## [Your assignment]
The listing below must be given again in full, exactly.

## [Data block]
######

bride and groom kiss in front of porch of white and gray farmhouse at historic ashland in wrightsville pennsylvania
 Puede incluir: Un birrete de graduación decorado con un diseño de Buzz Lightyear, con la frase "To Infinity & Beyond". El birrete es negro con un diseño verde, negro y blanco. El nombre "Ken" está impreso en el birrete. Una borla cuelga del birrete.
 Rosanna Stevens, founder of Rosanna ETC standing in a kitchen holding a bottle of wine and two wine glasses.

######

## [Solution to this task]
bride and groom kiss in front of porch of white and gray farmhouse at historic ashland in wrightsville pennsylvania
 Puede incluir: Un birrete de graduación decorado con un diseño de Buzz Lightyear, con la frase "To Infinity & Beyond". El birrete es negro con un diseño verde, negro y blanco. El nombre "Ken" está impreso en el birrete. Una borla cuelga del birrete.
 Rosanna Stevens, founder of Rosanna ETC standing in a kitchen holding a bottle of wine and two wine glasses.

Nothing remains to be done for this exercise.